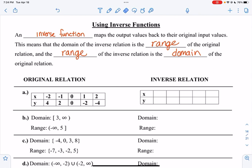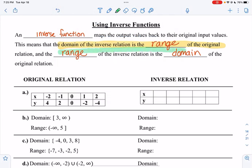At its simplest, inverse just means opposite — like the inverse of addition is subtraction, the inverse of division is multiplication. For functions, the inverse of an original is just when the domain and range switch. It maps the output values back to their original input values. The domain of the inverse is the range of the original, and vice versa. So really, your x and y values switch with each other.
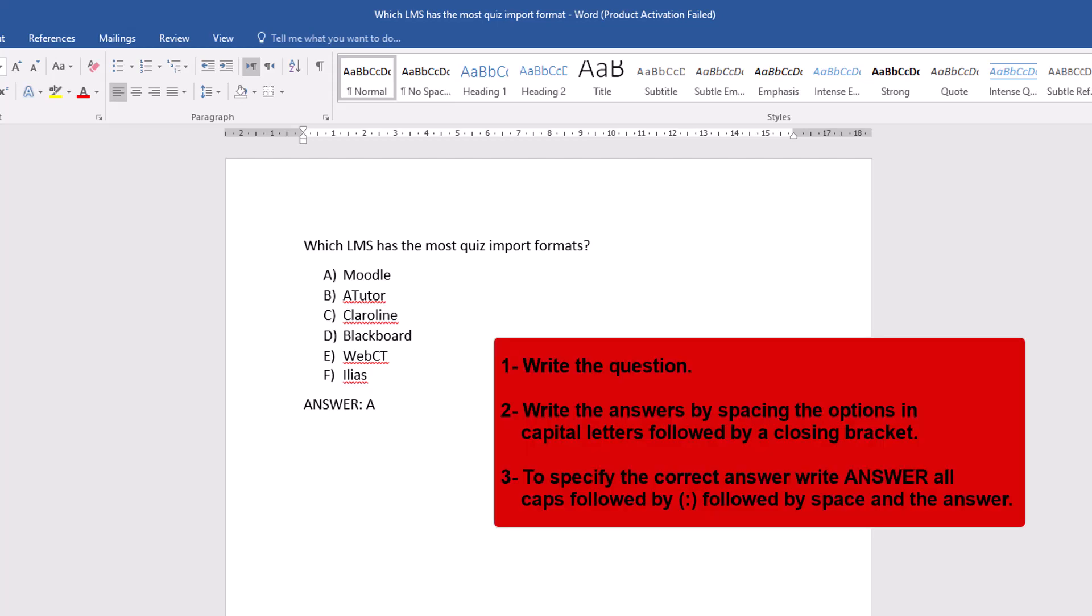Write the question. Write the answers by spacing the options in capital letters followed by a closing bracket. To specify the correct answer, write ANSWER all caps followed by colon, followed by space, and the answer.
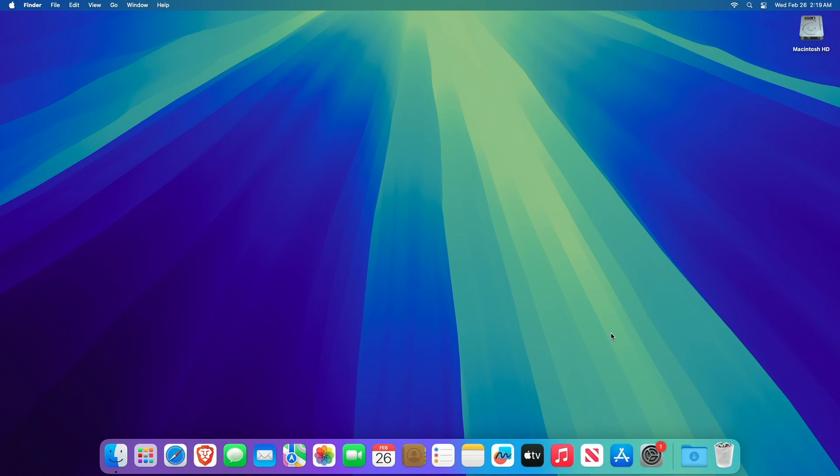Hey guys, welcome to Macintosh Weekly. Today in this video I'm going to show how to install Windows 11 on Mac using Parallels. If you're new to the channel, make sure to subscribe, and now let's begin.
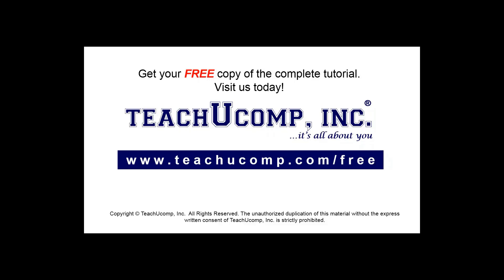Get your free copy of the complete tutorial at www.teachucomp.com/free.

== Assignment ==
Please restate word for word each line from the one containing "Write the question." to the end of the data above, without the pictures.

== Answer box ==
Write the question. Write the answers by spacing the options in capital letters followed by a closing bracket. To specify the correct answer, write ANSWER all caps followed by colon, followed by space, and the answer.
Hey guys, welcome to Macintosh Weekly. Today in this video I'm going to show how to install Windows 11 on Mac using Parallels. If you're new to the channel, make sure to subscribe, and now let's begin.
Get your free copy of the complete tutorial at www.teachucomp.com/free.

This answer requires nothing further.